— WORK REQUIRED —
For the entries that follow, retype exactly the lines from the one containing "Nước Hoa Hồng/Toner/Nước" to the one containing "Connetix Magnetiska Byggklossar", inclusive, and only those. Images stay out of the copy.

— DATA TO USE —
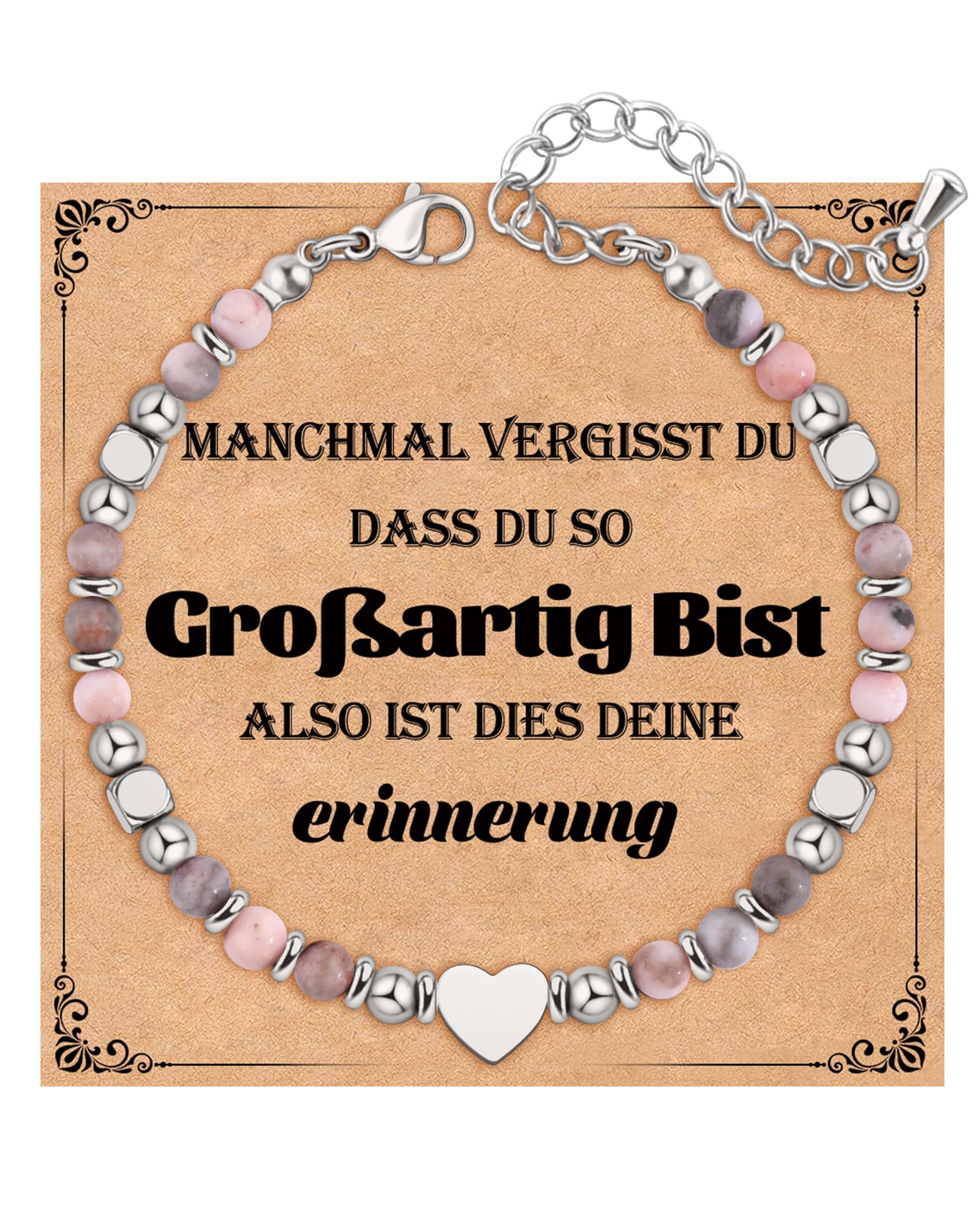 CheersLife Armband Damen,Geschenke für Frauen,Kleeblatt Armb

...

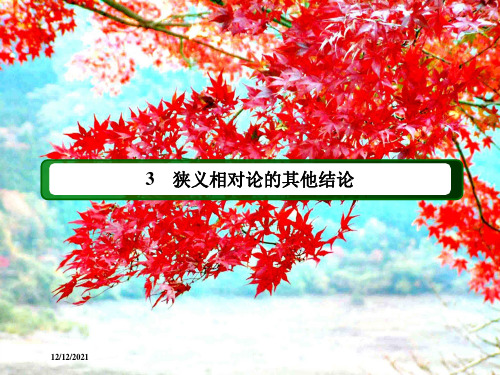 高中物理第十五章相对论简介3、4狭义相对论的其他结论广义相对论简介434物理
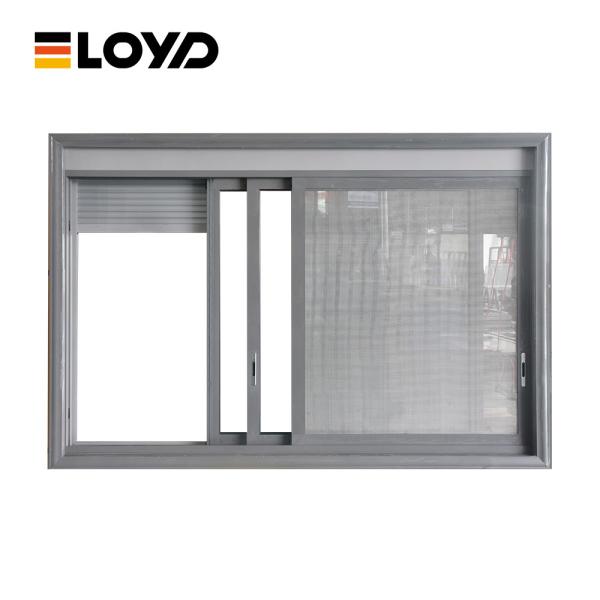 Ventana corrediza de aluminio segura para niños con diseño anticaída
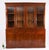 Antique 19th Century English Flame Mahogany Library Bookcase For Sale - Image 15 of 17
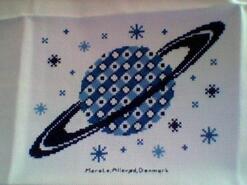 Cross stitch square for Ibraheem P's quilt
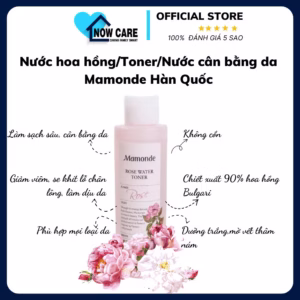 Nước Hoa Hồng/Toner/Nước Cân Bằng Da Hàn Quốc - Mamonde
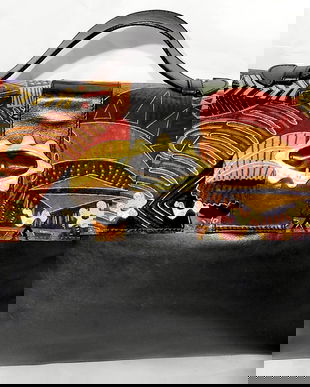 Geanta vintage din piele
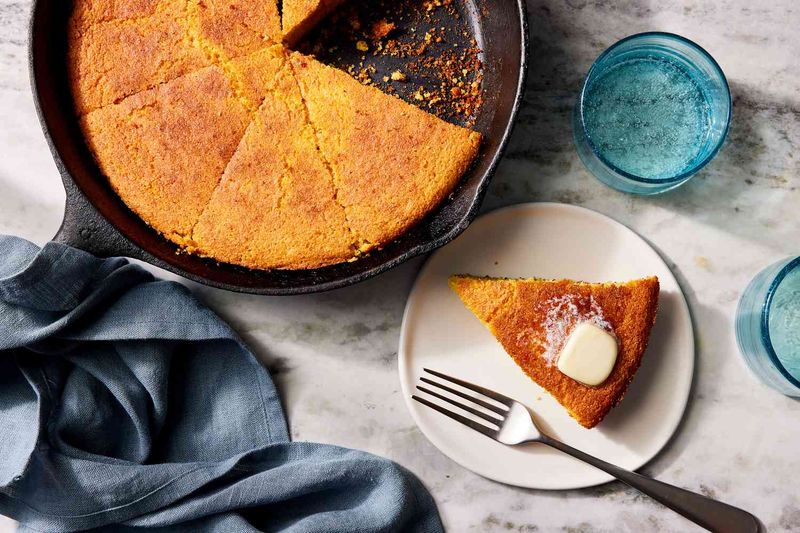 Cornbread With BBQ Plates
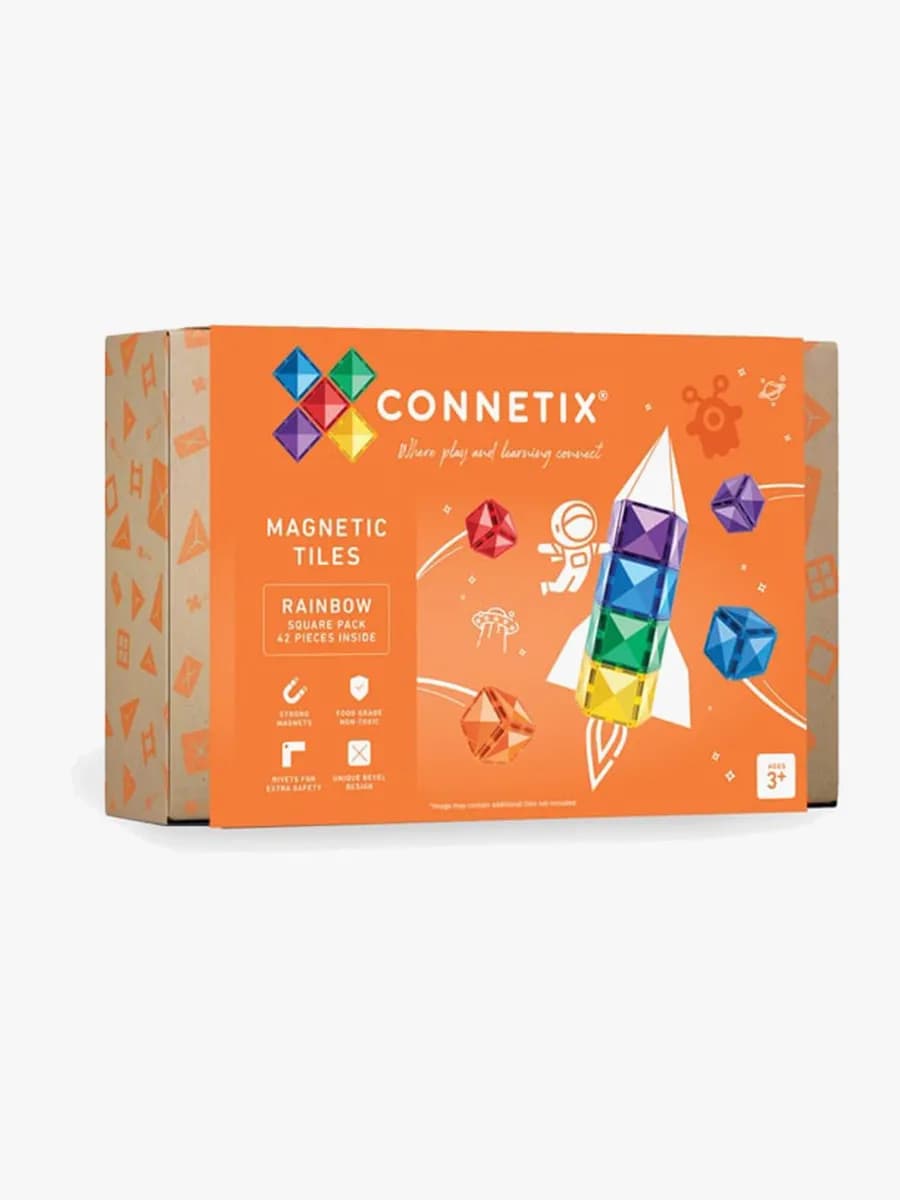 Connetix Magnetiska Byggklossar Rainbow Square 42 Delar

— RESPONSE TO THE EXERCISE —
 Nước Hoa Hồng/Toner/Nước Cân Bằng Da Hàn Quốc - Mamonde
 Geanta vintage din piele
 Cornbread With BBQ Plates
 Connetix Magnetiska Byggklossar Rainbow Square 42 Delar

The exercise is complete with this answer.